Violation of Government Norms:
- The Indian Electricity Grid Code 2010 provides for a ‘Must-run’ clause for the renewable energy sector, which means that utilities, state load dispatch centres (SLDCs) and distribution companies (discoms) have to prioritise scheduling of renewable power over other generators/sources to incentivise green energy projects except in cases of technical issues.
- However, SLDCs in the garb of grid security (pushed by commercial interests of discoms), violate this ‘Must run’ clause.
What are the impacts of curtailment?
- This leads to substantial losses as developers do not fully account for them while bidding for projects.
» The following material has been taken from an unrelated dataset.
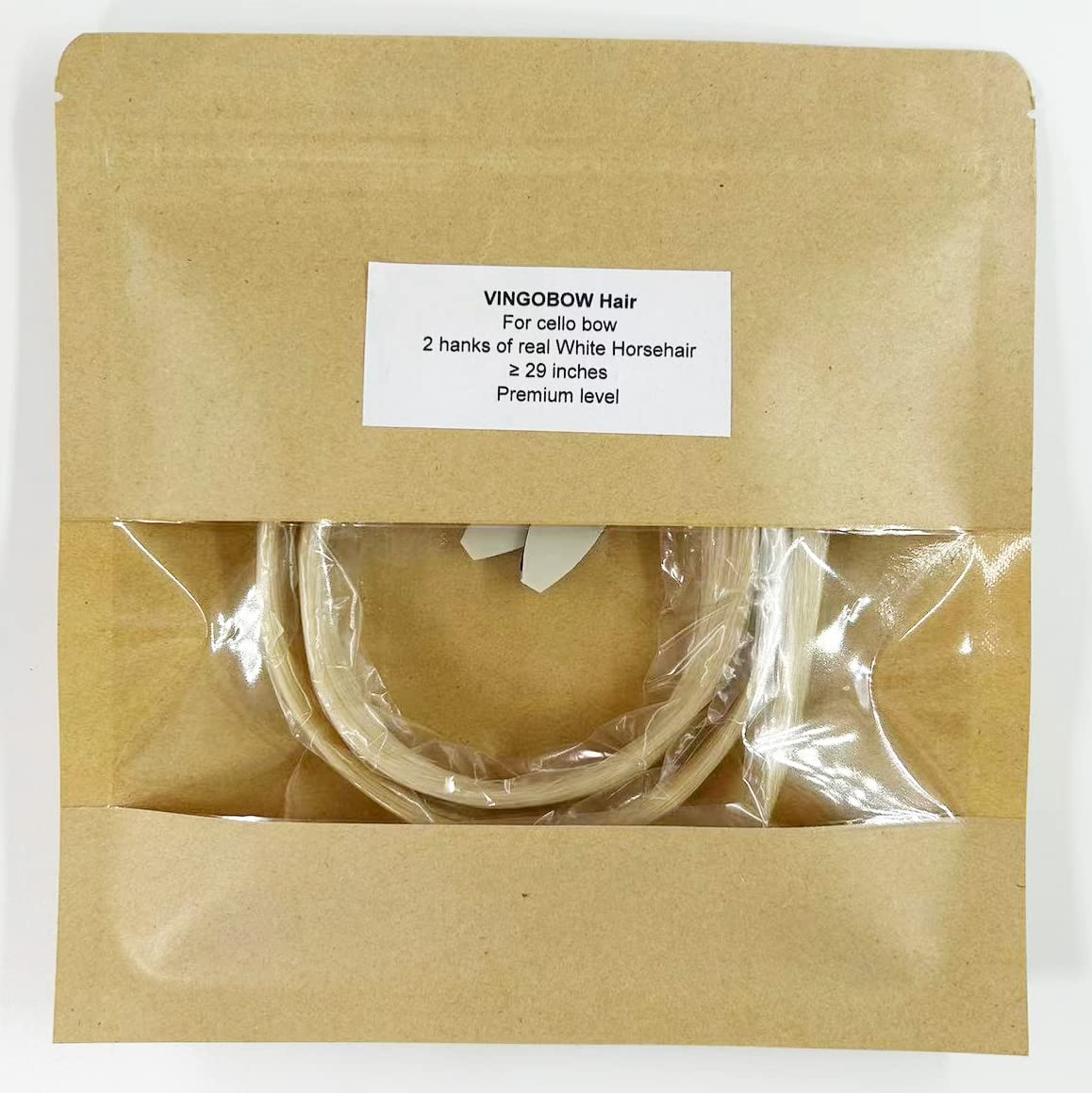 Premium Mongolian Horse Hair for Cello Bow Unbleached, White 29'' Music Instrument Accessories(2 Hanks) - Image 5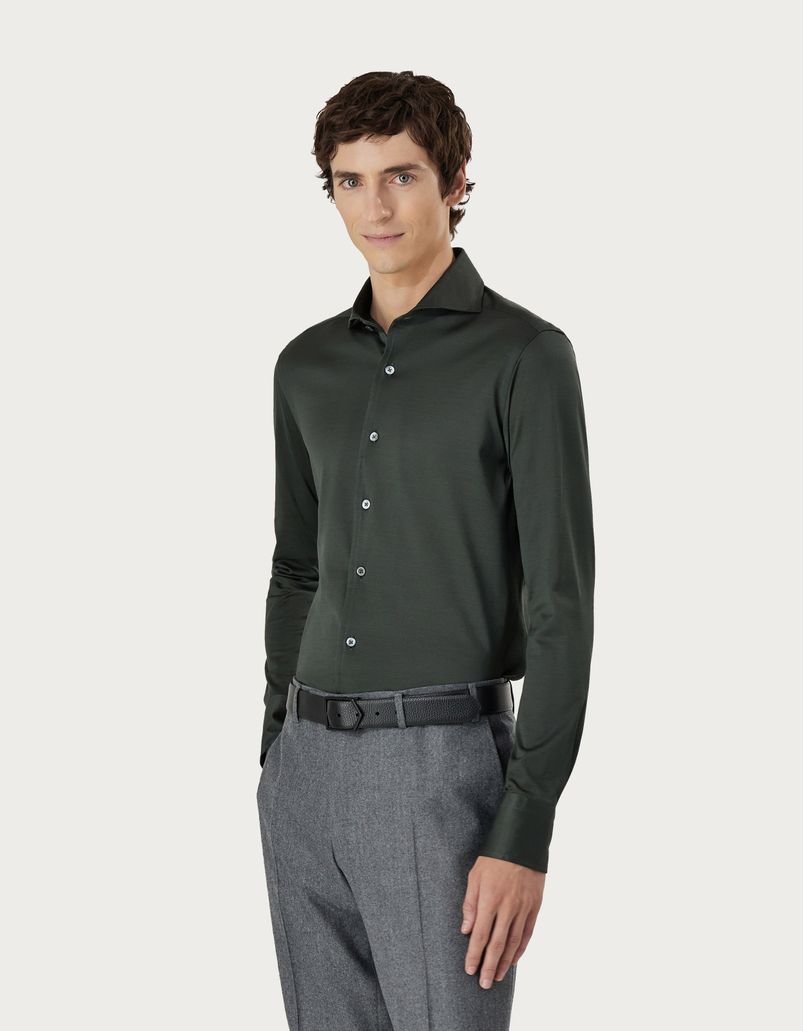 Regular-fit shirt in green cotton jersey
- In the absence of a restitution mechanism for such losses, the viability of projects becomes challenging, especially as RE companies operate with thin margins and small capital.
- This increases the probability of generation curtailment and adds to the operation risk of projects, discouraging investments.
What is the way forward?
- The government has taken several positives in this direction. Some of them are:
- To increase grid flexibility to prepare for increased RE penetration.
- Increasing flexibility of coal-based power plants.
- Enlarging geographic and electrical balancing areas.
- Expanding transmission in strategic locations.
- Installing grid-scale storage systems.
- Automation can reduce curtailment levels.
- Therefore, attention has to be given to developing real-time market (RTM) for electricity to improve grid reliability and optimise operations, particularly as the share of variable RE in the electricity generation mix (electricity produced from different sources like thermal, hydro, solar, wind etc.) increases.
- Investment for Research and Development in storage technologies can curb this curtailment problem.
Smart grid technologies need to be installed, that employ digital technology to more efficiently manage energy resources. It will extend the reach of the grid to access remote sources of renewable energy like geothermal power and wind farms. Curtailment challenge is directly related to the financial weakness of the discoms, which requires strong structural reforms.